* **TASK ITEM**
Set down, word for word, the line with "Fleischmann H0 5050" and the lines after it through the final line of the data below, without pictures.

* **TASK INPUTS**
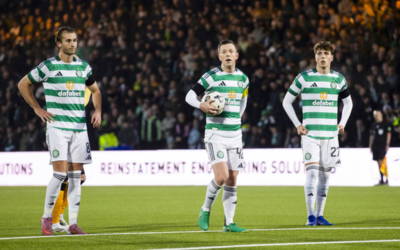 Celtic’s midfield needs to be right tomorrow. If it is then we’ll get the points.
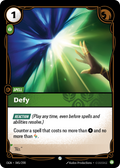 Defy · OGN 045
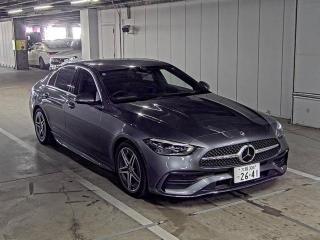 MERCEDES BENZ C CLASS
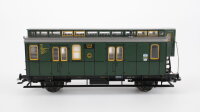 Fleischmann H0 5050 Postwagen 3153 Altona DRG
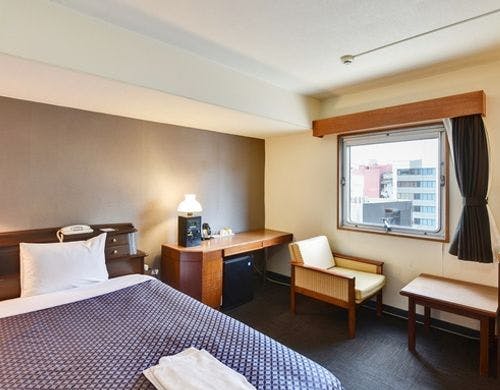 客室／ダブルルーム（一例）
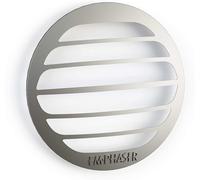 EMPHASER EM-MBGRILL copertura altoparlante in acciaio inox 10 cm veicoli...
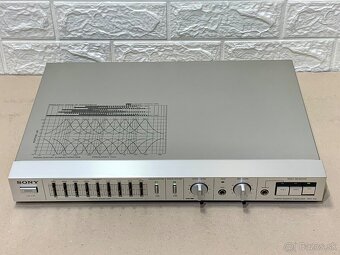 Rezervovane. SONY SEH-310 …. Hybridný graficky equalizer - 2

* **RESPONSE**
 Fleischmann H0 5050 Postwagen 3153 Altona DRG
 客室／ダブルルーム（一例）
 EMPHASER EM-MBGRILL copertura altoparlante in acciaio inox 10 cm veicoli...
 Rezervovane. SONY SEH-310 …. Hybridný graficky equalizer - 2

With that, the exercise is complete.